Merz hat gestern gesagt: „Wir sehen mit großer Besorgnis, dass die Entscheidung der Bundesregierung vom System der Asylbewerberleistung auf das System der Arbeitslosengeld-II-Zahlungen überzugehen, im Frühjahr zu erheblichen Verwerfungen auch bei den Flüchtlingen aus der Ukraine führt.“ Merz redete also generell von „den Flüchtlingen aus der Ukraine“ und führte dann aus: „Wir erleben mittlerweile einen Sozialtourismus dieser Flüchtlinge nach Deutschland, zurück in die Ukraine, nach Deutschland, zurück in die Ukraine, von denen sich mittlerweile eine größere Zahl dieses System zunutze machen. Da haben wir ein Problem, das größer wird.“ Die ukrainischen Flüchtlinge beuten systematisch und in zunehmendem Maße die deutschen Sozialsysteme aus – das war Merz‘ Vorwurf.
Seine Entschuldigung geht nun so: „Das war eine unzutreffende Beschreibung eines in Einzelfällen zu beobachtenden Problems.“ Wenn aber Merz heute weiß, dass es bloß Einzelfälle sind, warum hat er es dann einen Tag zuvor als monströses und generelles Schmarotzertum dargestellt? Die Antwort ist offensichtlich: Weil er damit ganz gezielt im Sumpf am rechten Rand der CDU – und über diesen Rand hinaus – herumstapfen wollte.
Wahlkampf auf dem Rücken von Kriegsopfern, deren Familien die Freiheit Europas mit ihrem Leben verteidigen, ist zunächst mal vor allem eines: eine moralische Bankrotterklärung. Claus Hipp, Chef des Babykostherstellers Hipp, sagte einmal über Flüchtlinge, die nach Deutschland kommen: „Wenn Menschen in Not sind, dann müssen wir ihnen helfen. Punkt. Die Nächstenliebe gegenüber Flüchtenden und Armen gehört zu den zentralen Botschaften der Bibel.“ Für den Unternehmer Hipp ist das Christentum die moralische Richtschnur. Und was leitet den Chef der Christlich Demokratischen Union Deutschlands? Alles mögliche. Erst gab es viele schöne Sprüche über die historischen Verdienste des ukrainischen Volkes, sogar eine Reise in die Ukraine, dann die Verhöhnung der „Sozialtouristen“. Merz, moralisch heute hier und morgen dort. Ein Moraltourist.

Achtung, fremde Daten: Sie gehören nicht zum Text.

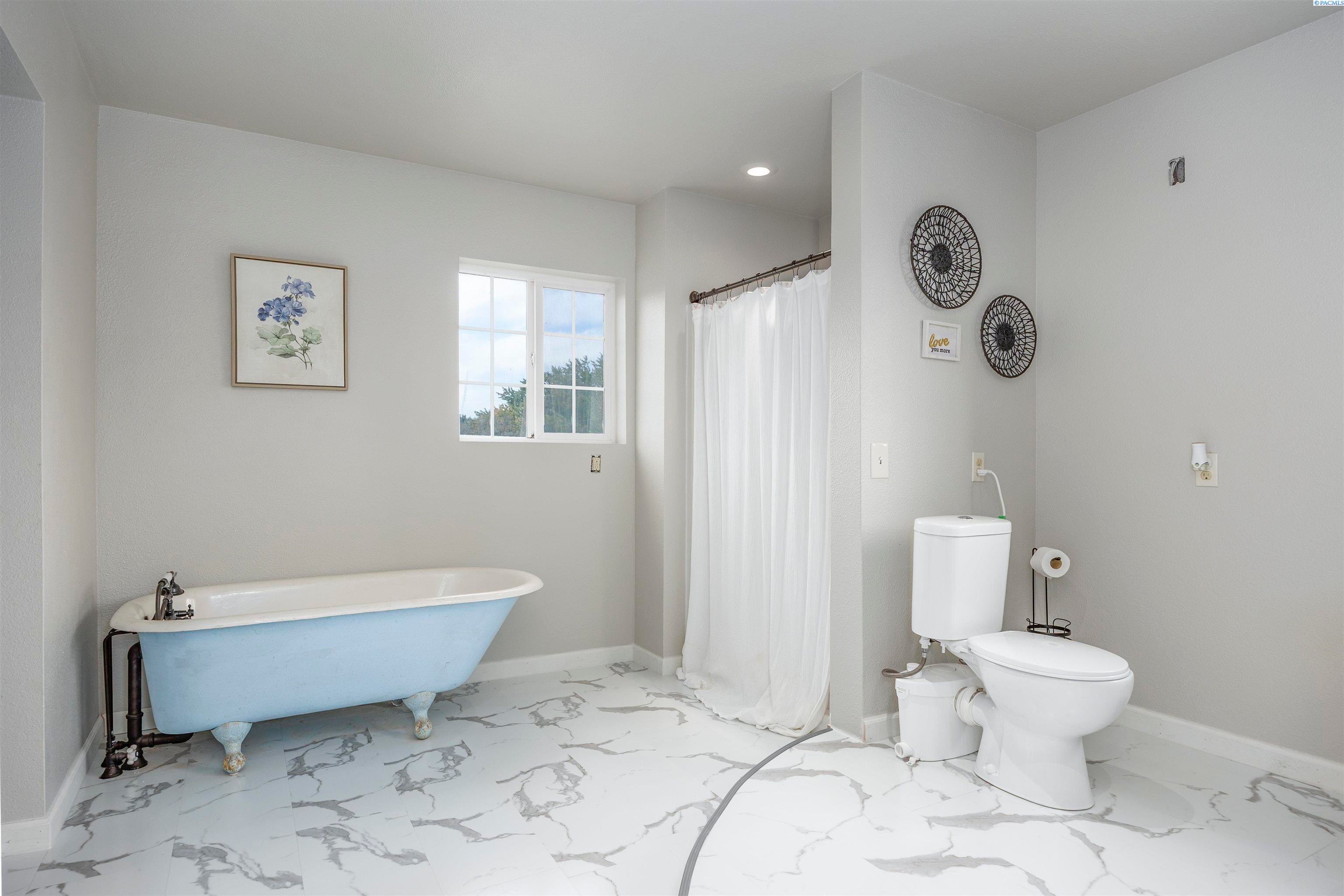 Richland, Washington, 99354, United States, 3 Bedrooms Bedrooms, ,2 BathroomsBathrooms,Residential,For Sale,1978459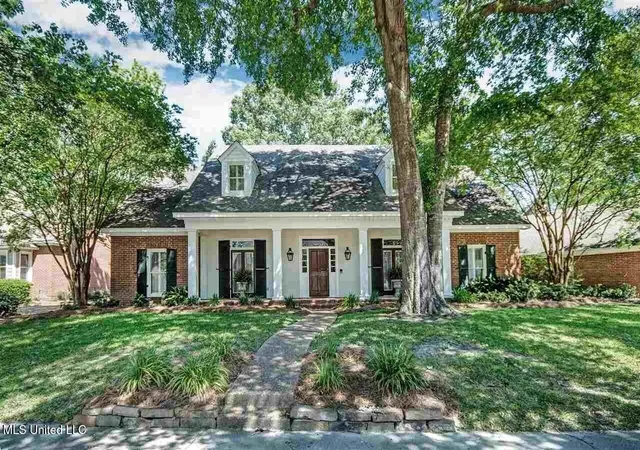 Photo 1 of Sale Pending at 5145 Canton Hts Dr, Jackson, MS 39211 | MLS# 4117022 | Listing updated on 2026-09-16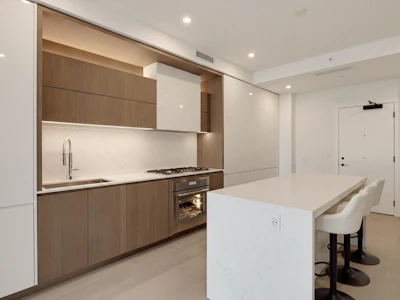 212-1342 Johnston Road - 5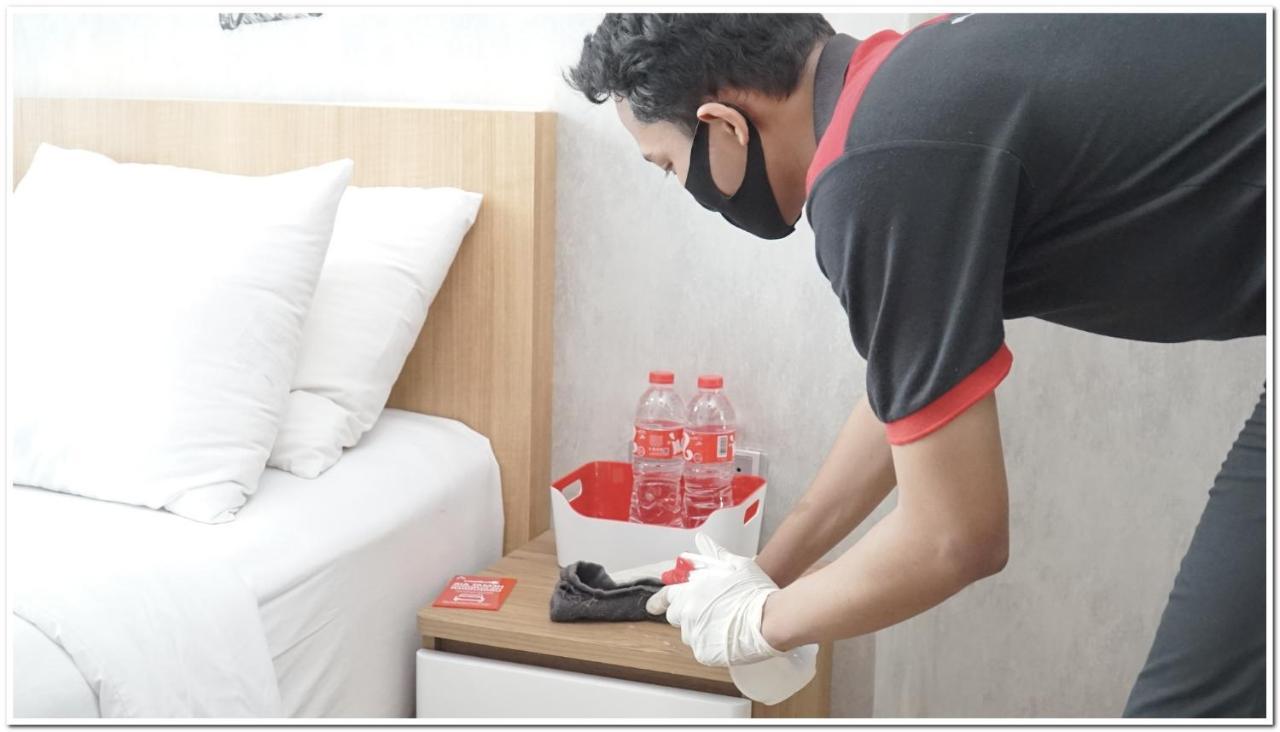 Reddoorz Plus Near Chadstone Mall Bekasi Luaran gambar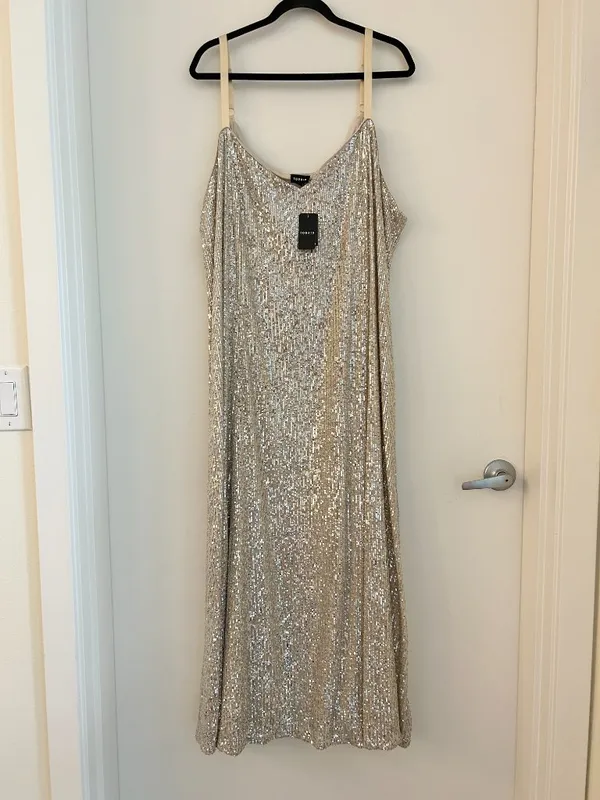 Torrid V-Neck Sequin Slip Maxi Dress in Champagne Gold Party Festive Size 3X NWT - Image 3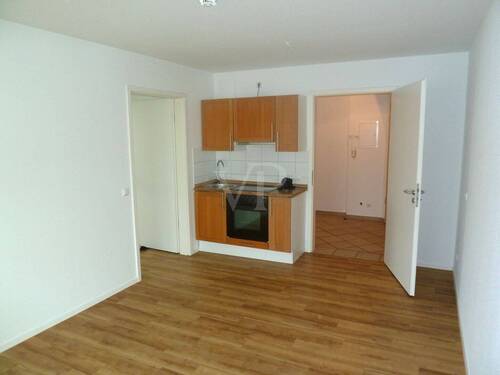 Wohnzimmer 1 - 2 Zimmer Etagenwohnung zum Kaufen in Laatzen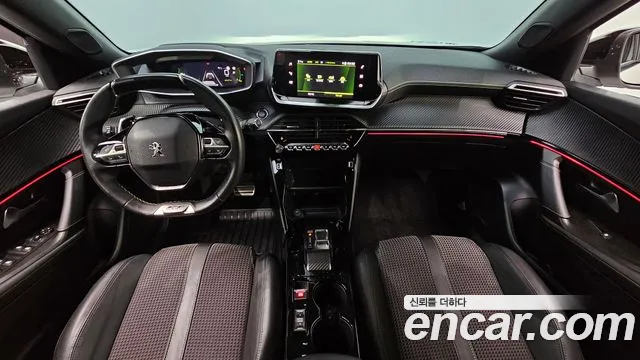 Peugeot 2008 — интерьер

So viel zur Moral. Kommen wir zum Fressen. Deutschland wendet Milliarden auf für ukrainische Flüchtlinge. Das ist viel, aber es ist nichts im Vergleich zu dem, was die Ukraine für uns tut. Sie stoppt den Wahnsinnigen aus Moskau oder versucht es zumindest. Wenn sie das nicht getan hätte, wo stünden die russischen Truppen heute? Wenn unsere Häuser zerbombt sind, unsere Wirtschaft ausgelöscht und Einberufungsbescheide unsere Briefkästen erreichen, dann würden wir uns glücklich schätzen, wir müssten nur über Flüchtlingshilfen und Gaspreisdeckel debattieren. Diese Ukraine hat ungeteilte Solidarität verdient.
Stattdessen fällt Merz ihr in den Rücken. Er teilt der Welt mit: Deutschland lässt seine Sicherheit und seinen Wohlstand gern von ukrainischen Soldaten verteidigen – schaut bei den Kindern und Frauen dieser Soldaten aber auf jeden Cent.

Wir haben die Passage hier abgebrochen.